Come evolverà l’epidemia in Italia

Secondo un’analisi tecnica della diffusione del nuovo Coronavirus in Italia, realizzata dal biologo Enrico Bucci e da due fisici, Enzo Marinari e Giorgio Parisi, l’epidemia si troverebbe ancora nella sua fase iniziale. Considerando soltanto i casi gravi (in terapia intensiva ed i decessi) dal 24 febbraio al 1 marzo, i tre esperti hanno dimostrato che il tempo in cui i casi raddoppiano è di 2,4 giorni. La rapida crescita del numero dei casi critici, dei pazienti ospedalizzati e dei positivi al nuovo Coronavirus registrata negli ultimi giorni, potrebbe rallentare entro una o due settimane.

Grafico tratto dall’analisi di Enrico M. Bucci insieme a Enzo Marinari e Giorgio Parisi

L’evoluzione della situazione del nostro Paese dipenderà da quanto si dimostreranno efficaci le misure di contenimento adottate, dal rispetto da parte di ciascuno delle ordinanze istituzionali e delle regole di igiene.

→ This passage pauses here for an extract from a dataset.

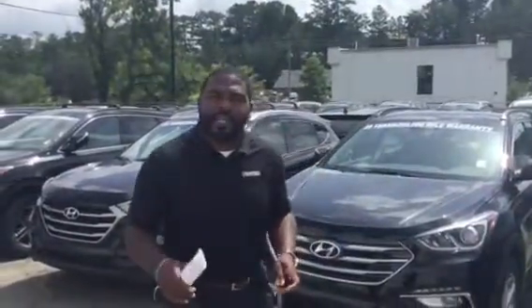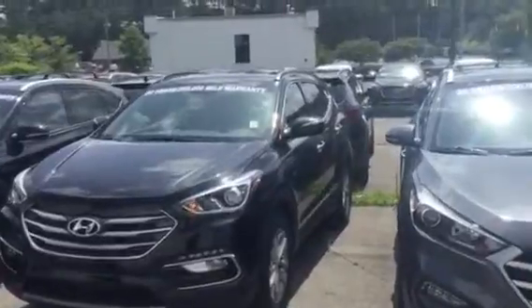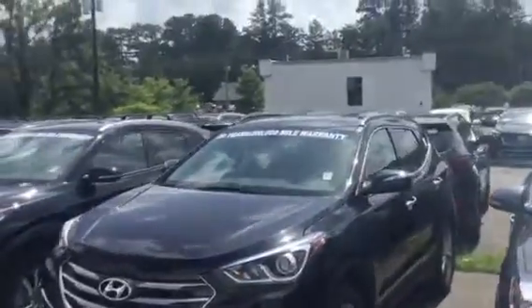Hello, Bill. This is Jay Johnson here at Tamron Hyundai, and this is that beautiful Santa Fe Sport that you inquired on. 2.0 Turbo 2017 Santa Fe Sport.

Negli ultimi giorni si è aperta una faglia tra chi accetta quanto viene disposto dalle istituzioni e chi grida alla «psicosi collettiva». In realtà, proprio l’analisi matematica dell’andamento di questa epidemia, ci aiuta a capire che le misure restrittive messe in atto non sono affatto «esagerate».
Nel momento in cui queste misure venissero allentate o disattese è probabile che i valori di R0 tornerebbero ad innalzarsi nuovamente e il contagio ricomincerebbe a diffondersi.

I prossimi giorni saranno quindi cruciali per capire se si andrà verso una crescita incontrollata di casi oppure se saranno rilevati i primi segni di un rallentamento.